#### [DATA FOR REVIEW]
---

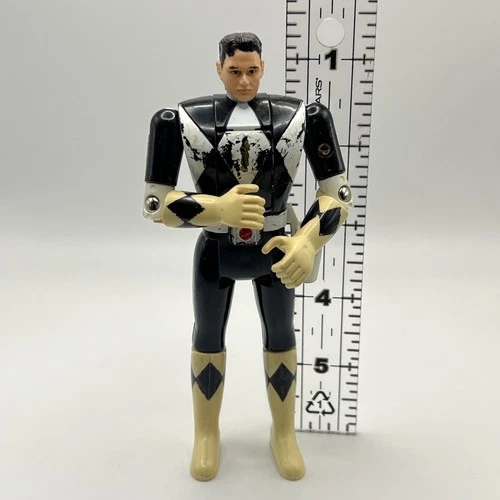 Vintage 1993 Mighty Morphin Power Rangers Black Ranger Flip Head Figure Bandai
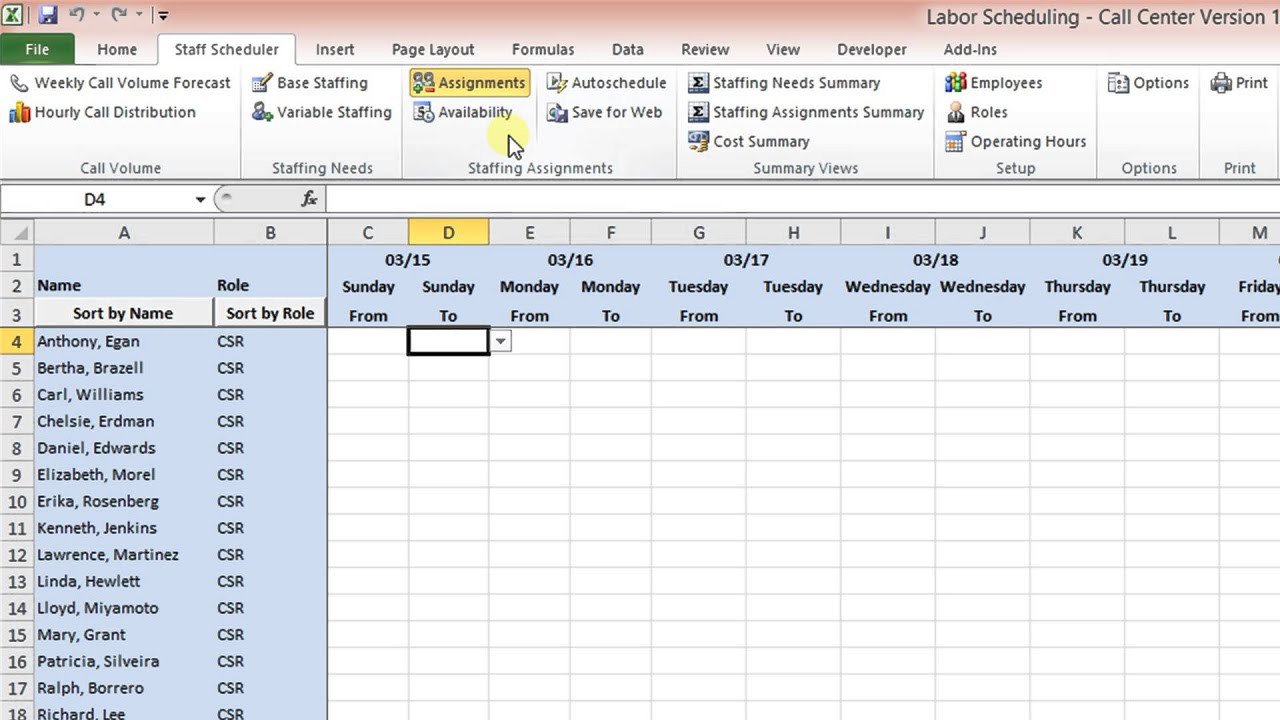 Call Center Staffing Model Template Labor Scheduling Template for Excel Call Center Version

---

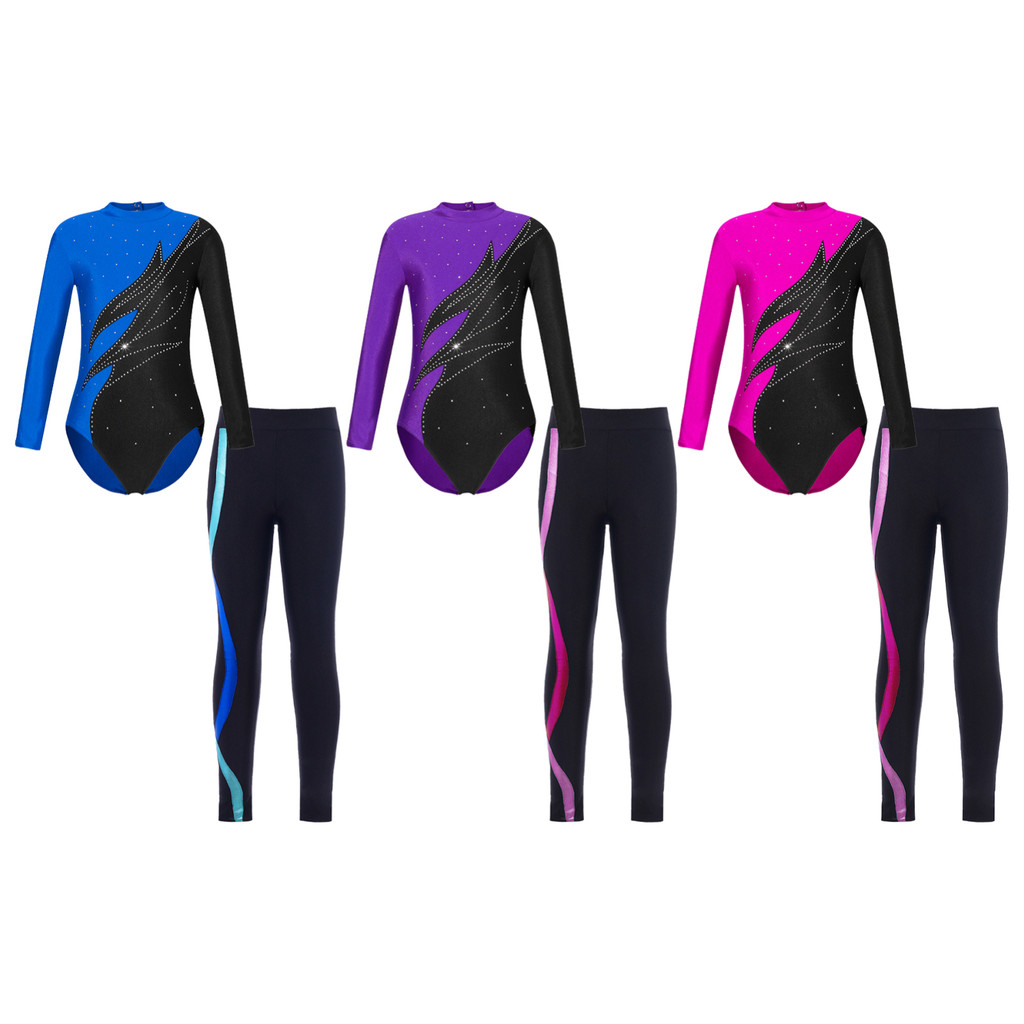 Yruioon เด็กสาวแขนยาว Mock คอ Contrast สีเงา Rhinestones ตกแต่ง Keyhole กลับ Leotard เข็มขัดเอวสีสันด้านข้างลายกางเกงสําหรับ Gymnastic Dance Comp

---

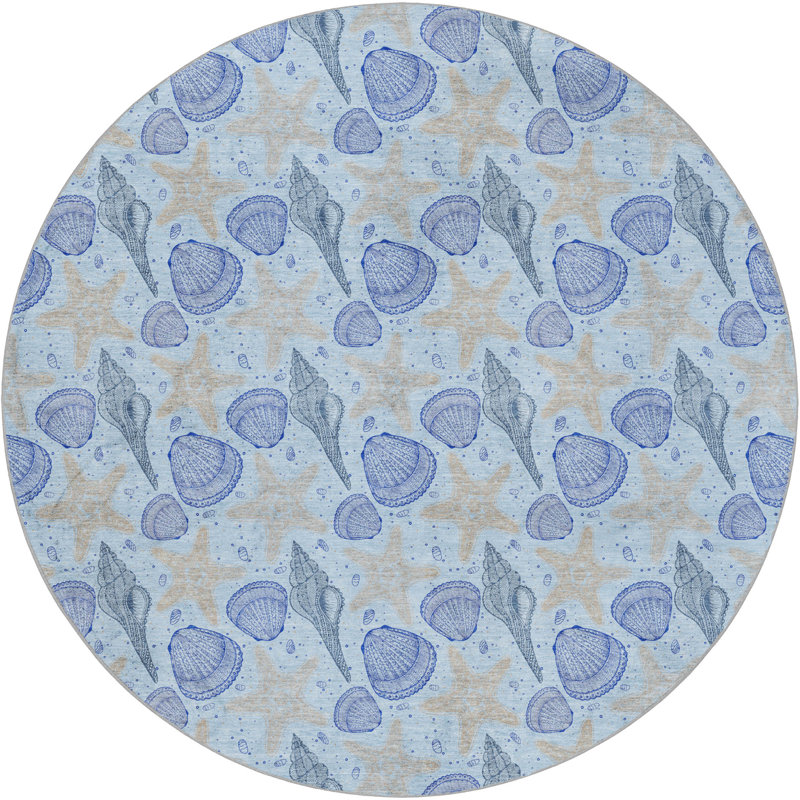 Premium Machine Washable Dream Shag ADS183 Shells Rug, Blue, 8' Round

---

#### [WHAT TO WORK ON]
Within the listing above, extract exactly the lines that run from the one containing "Vintage 1993 Mighty" through the one containing "Call Center Staffing", excluding any pictures.

#### [ANSWER FOR THIS EXERCISE]
 Vintage 1993 Mighty Morphin Power Rangers Black Ranger Flip Head Figure Bandai
 Call Center Staffing Model Template Labor Scheduling Template for Excel Call Center Version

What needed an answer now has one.